# Exercise goal
Write down exactly what lies from the line containing "オモロー授業発表会in水戸の" to the end of the records, inclusive, and omit the pictures.

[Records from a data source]
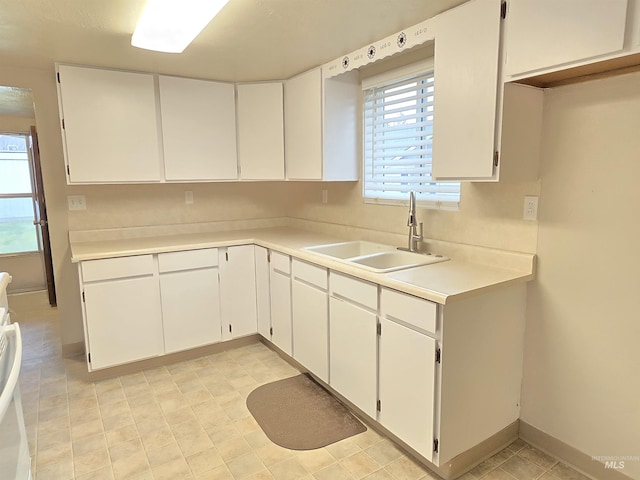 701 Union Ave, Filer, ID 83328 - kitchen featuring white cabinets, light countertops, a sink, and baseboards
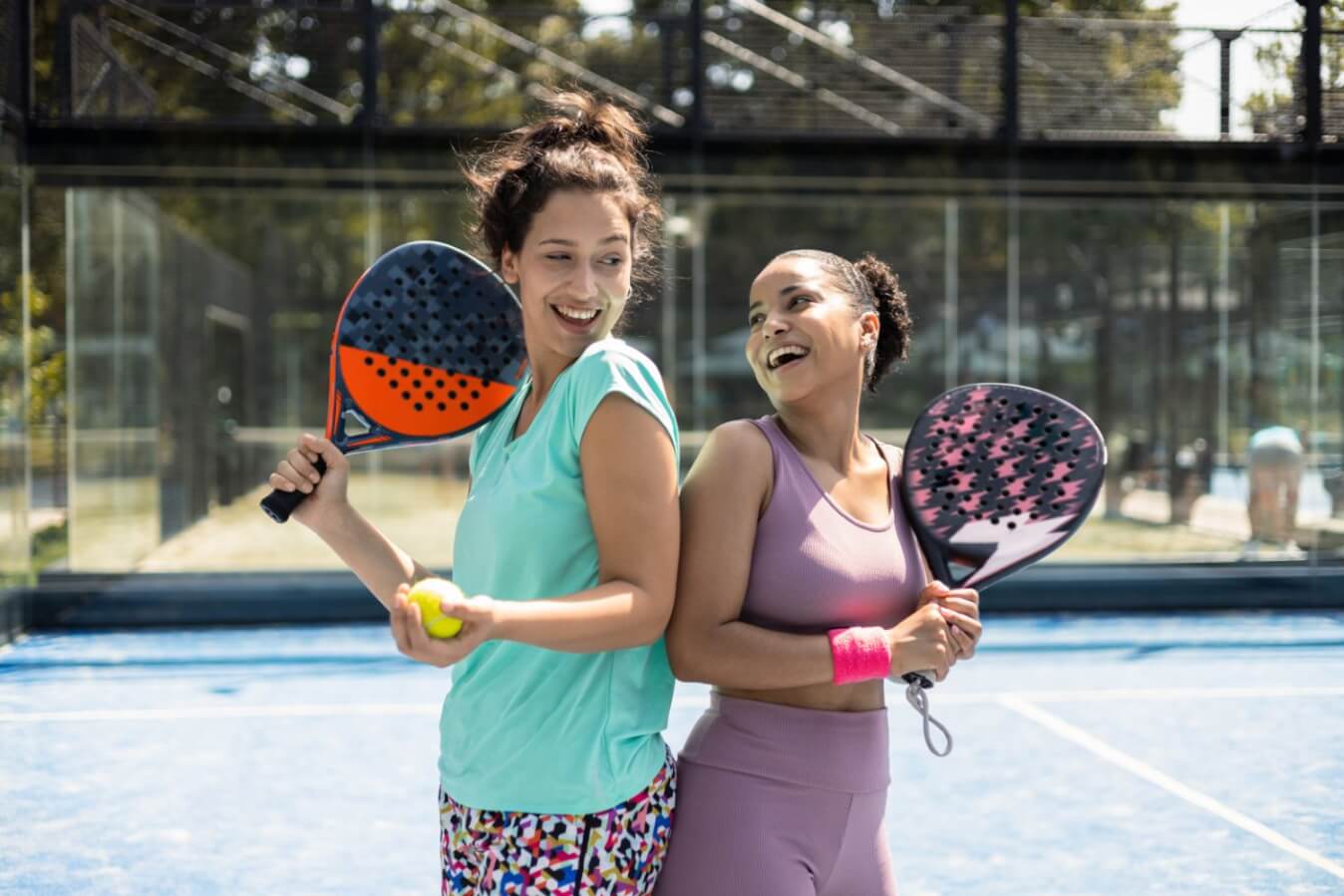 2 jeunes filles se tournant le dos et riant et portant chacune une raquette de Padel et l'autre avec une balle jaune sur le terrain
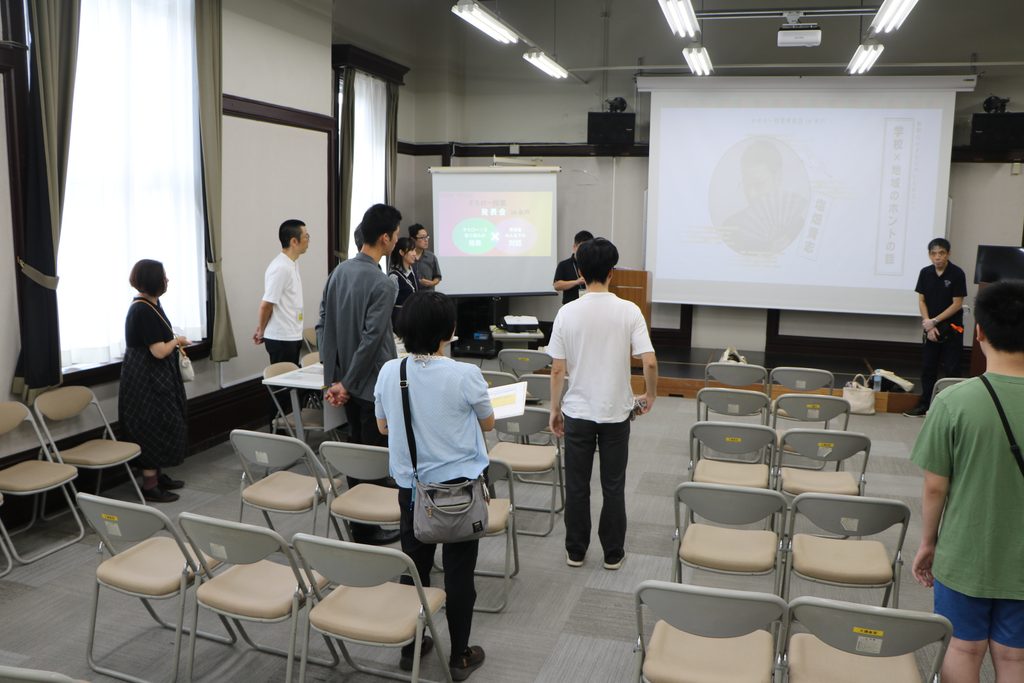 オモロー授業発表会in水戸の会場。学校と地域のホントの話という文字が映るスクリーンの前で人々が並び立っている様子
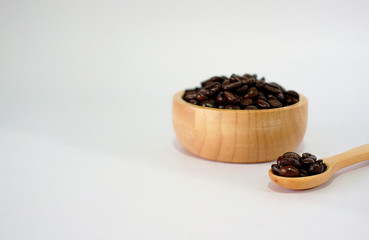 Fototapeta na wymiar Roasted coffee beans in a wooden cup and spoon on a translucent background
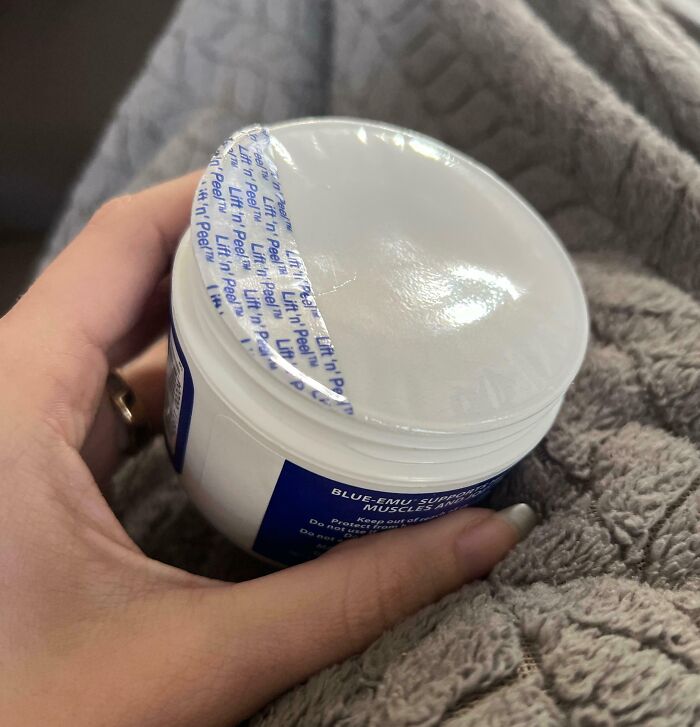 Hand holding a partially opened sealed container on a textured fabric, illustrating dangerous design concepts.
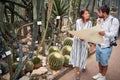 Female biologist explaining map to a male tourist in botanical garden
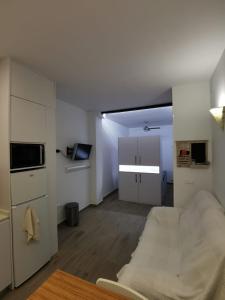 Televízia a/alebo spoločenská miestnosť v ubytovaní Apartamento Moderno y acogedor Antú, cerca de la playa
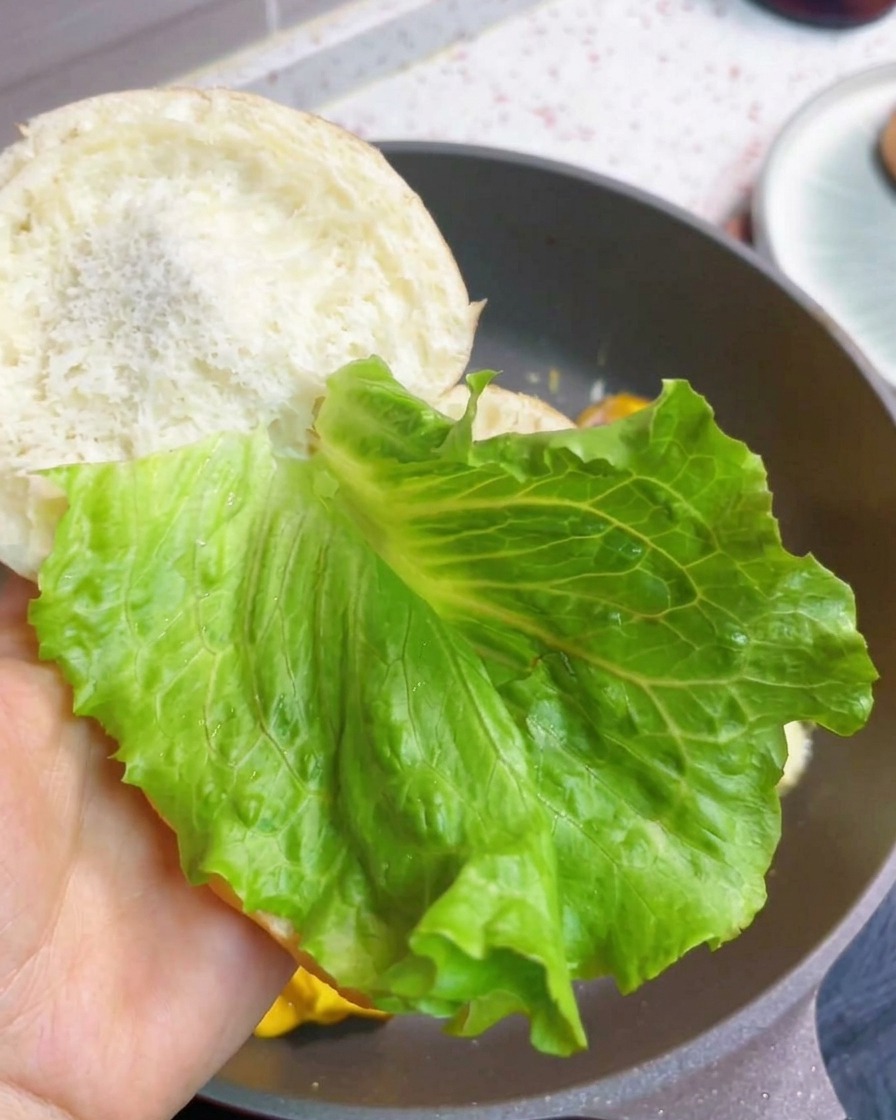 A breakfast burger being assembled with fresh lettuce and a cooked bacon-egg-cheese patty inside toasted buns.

# Solution below
 オモロー授業発表会in水戸の会場。学校と地域のホントの話という文字が映るスクリーンの前で人々が並び立っている様子
 Fototapeta na wymiar Roasted coffee beans in a wooden cup and spoon on a translucent background
 Hand holding a partially opened sealed container on a textured fabric, illustrating dangerous design concepts.
 Female biologist explaining map to a male tourist in botanical garden
 Televízia a/alebo spoločenská miestnosť v ubytovaní Apartamento Moderno y acogedor Antú, cerca de la playa
 A breakfast burger being assembled with fresh lettuce and a cooked bacon-egg-cheese patty inside toasted buns.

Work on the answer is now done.